Ya al comienzo de la primera travesía se puso de manifiesto de forma desagradable esa desavenencia. El viento norte remitió, y cuando la Johanna Maria se adentró en el canal de la Mancha, había niebla. A la altura de Beachy Head quedó prácticamente inmovilizada y casi no brandaba, pese al oleaje. Todo el mundo había salido a cubierta. Al promediar la mañana se puso en movimiento, y cuando la niebla se disipó, por más que habían hecho sonar la sirena a intervalos regulares por ambas bandas, divisaron de pronto una pequeña embarcación atravesada de frente. No sabía el capitán de dónde había salido, pero vio inesperadamente a Brouwer dando un brusco golpe de timón. Tan sólo el botalón de bauprés dio contra el otro barco. El capitán Wilkens soltó una maldición e insultó al velero, ordenándole que abandonara el castillo. Arend Bos, allí presente, consideró que el capitán trataba injustamente a su compañero, y aunque tenía edad suficiente para conocer las reglas, no pudo contenerse y le dijo que había sido precisamente esa intervención la que había logrado evitar males mayores. Acto seguido, como se merecía, el capitán lo conminó a callar.

Eran ya dos —y de los mejores— los navegantes que pensaban que el capitán juzgaba con demasiada precipitación. Si bien era cierto que Brouwer no tenía derecho a sostener la rueda del timón, es obligación de todo marino, independientemente de su rango o condición, intervenir en favor de la nave al advertir en una emergencia si otros no lo hacen; el timonel era un joven inexperto, Bos no había visto el peligro, el capitán tampoco, y éste se negaba a reconocer que Brouwer lo había evitado.

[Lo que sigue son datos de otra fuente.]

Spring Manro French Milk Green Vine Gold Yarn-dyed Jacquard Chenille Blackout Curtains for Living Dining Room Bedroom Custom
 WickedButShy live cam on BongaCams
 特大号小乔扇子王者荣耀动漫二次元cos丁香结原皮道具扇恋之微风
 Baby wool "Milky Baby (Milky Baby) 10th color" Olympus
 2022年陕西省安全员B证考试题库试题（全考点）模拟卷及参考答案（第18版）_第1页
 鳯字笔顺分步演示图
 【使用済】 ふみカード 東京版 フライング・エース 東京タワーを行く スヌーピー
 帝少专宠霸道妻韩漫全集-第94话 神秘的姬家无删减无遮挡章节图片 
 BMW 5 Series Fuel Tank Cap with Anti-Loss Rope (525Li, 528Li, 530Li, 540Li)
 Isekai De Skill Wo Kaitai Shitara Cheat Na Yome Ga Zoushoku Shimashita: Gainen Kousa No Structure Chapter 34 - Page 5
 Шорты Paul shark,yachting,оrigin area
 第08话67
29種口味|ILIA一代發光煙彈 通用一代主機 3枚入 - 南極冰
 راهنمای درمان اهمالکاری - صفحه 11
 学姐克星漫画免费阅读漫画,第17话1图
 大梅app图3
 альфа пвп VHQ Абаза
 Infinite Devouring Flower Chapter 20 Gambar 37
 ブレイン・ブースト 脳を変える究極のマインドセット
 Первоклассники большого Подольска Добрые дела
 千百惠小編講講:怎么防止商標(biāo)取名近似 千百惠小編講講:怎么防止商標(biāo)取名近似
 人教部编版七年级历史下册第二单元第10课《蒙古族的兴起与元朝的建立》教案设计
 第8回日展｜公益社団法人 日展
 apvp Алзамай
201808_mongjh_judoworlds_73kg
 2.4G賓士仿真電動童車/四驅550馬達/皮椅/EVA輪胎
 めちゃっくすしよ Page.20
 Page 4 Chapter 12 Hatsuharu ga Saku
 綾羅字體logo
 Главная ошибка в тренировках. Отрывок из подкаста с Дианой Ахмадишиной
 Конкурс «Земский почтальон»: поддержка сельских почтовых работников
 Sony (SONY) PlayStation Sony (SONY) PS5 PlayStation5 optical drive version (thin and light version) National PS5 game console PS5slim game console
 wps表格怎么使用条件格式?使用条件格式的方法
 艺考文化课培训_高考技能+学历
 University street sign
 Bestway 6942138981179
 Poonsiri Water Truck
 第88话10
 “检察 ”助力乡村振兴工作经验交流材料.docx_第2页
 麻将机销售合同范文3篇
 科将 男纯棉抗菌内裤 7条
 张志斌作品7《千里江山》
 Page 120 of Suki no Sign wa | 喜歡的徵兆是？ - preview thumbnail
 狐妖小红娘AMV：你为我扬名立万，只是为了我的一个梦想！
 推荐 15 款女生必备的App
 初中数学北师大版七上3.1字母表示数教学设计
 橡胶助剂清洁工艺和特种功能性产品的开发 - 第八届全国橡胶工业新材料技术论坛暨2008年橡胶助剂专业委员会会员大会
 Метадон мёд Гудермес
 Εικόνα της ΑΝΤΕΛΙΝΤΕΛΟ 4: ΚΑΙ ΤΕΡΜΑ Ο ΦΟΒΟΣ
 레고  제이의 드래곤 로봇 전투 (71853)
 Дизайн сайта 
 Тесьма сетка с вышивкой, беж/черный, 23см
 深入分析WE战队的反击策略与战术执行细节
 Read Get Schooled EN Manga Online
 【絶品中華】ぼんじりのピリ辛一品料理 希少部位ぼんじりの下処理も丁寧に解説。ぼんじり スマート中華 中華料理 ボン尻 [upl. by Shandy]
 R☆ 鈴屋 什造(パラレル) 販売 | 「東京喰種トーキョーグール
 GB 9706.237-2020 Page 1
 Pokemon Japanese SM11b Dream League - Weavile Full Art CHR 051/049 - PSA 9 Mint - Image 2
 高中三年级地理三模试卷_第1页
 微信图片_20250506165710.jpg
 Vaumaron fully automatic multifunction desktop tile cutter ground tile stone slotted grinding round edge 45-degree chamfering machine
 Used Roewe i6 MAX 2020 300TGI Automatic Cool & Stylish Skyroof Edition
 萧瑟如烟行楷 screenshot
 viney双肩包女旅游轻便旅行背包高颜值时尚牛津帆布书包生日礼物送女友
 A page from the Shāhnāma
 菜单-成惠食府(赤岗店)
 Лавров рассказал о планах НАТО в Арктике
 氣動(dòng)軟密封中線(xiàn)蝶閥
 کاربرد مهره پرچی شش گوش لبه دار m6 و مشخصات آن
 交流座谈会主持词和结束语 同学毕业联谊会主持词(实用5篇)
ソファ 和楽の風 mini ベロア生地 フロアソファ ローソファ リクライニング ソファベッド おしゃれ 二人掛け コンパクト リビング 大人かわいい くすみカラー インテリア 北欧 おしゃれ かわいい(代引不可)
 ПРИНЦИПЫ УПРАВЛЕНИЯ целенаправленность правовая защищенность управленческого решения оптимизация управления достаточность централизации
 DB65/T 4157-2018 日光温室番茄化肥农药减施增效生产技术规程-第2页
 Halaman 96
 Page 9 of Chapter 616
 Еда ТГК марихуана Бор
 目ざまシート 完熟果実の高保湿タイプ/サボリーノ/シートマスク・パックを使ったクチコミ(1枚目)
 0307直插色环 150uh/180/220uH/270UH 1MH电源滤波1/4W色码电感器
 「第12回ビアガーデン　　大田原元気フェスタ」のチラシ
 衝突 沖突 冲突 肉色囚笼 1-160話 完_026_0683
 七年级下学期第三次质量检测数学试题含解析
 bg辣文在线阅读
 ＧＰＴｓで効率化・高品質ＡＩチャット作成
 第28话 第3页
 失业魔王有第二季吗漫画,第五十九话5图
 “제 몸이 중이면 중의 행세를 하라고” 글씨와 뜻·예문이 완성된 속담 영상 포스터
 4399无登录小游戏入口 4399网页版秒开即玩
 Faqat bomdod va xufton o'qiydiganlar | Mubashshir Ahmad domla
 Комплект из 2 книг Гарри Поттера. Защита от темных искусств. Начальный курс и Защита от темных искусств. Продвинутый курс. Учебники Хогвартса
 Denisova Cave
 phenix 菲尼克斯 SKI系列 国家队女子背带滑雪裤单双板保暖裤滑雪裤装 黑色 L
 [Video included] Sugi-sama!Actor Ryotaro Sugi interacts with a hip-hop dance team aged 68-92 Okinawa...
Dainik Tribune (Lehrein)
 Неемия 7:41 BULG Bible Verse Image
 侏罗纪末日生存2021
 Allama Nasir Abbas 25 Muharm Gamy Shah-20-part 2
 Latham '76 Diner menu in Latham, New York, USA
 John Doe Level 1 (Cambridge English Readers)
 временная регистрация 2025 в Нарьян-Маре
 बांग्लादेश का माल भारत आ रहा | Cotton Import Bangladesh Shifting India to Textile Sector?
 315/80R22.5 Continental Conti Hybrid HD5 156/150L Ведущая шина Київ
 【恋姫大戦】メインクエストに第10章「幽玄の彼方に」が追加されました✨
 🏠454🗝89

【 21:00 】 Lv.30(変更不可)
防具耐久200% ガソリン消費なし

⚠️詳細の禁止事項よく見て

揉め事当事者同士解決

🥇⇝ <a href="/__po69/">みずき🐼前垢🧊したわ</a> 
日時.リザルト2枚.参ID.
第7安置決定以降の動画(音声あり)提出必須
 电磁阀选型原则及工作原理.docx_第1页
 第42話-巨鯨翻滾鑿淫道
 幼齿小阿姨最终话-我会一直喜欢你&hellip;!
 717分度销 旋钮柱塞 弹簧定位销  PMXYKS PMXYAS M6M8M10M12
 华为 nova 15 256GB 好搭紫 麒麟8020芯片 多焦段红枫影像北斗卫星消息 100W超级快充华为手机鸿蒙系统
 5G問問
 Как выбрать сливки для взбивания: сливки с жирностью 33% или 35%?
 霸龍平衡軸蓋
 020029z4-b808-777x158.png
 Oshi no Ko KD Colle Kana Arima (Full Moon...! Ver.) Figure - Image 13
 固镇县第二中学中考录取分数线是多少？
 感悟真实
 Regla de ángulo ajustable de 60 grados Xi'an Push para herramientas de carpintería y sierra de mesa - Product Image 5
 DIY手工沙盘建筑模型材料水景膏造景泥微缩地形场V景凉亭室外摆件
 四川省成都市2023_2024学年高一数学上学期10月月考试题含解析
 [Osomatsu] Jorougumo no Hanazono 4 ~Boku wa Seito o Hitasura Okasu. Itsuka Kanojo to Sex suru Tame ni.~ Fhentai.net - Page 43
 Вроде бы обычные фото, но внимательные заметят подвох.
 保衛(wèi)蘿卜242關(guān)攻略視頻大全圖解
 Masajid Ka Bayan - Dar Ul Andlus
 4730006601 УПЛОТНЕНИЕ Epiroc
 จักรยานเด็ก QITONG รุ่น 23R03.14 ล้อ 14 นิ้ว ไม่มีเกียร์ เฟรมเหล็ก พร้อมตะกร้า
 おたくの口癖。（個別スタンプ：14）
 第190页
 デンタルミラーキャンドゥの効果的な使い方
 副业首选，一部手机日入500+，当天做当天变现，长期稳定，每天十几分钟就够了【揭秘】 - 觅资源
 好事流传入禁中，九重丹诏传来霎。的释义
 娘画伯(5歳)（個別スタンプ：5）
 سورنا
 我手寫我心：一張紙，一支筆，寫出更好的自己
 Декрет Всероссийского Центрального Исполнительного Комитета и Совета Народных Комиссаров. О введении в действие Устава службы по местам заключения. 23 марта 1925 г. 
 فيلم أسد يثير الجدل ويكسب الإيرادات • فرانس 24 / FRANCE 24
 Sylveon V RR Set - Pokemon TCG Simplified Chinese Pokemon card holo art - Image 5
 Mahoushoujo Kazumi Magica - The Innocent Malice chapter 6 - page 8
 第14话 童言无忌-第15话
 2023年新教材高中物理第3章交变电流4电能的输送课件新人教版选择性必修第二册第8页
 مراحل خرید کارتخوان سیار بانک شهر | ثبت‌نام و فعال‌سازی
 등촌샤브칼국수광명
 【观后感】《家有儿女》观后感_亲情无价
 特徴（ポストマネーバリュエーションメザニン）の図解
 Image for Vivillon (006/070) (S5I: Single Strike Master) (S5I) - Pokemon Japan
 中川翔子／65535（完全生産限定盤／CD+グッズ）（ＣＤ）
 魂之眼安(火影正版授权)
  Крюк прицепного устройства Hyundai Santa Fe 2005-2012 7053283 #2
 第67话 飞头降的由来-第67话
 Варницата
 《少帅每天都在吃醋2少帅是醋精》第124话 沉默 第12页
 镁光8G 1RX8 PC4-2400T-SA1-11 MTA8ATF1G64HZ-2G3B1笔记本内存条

Cuando el barco volvió a navegar a vela llena, quedaron otra vez todos contentos. Pero entre el capitán y el contramaestre ya no hubo más que una gran reserva, y no intercambiaron más palabras que las que les imponían sus obligaciones.

Mientras, la fragata había acometido su tarea, comportándose acorde a su construcción y a las expectativas, con solidez y calma, honorabilidad y perseverancia, emulando a los barcos que llevaban siglos forjando la prosperidad de Holanda, barcos cuyas historias no diferían de las de los señores y los marinos: trabajo, cuidado, retribución, lealtad.

1 Antigua denominación del puerto de Den Helder, situado a unos 90 km al norte de Ámsterdam. [n. del t.]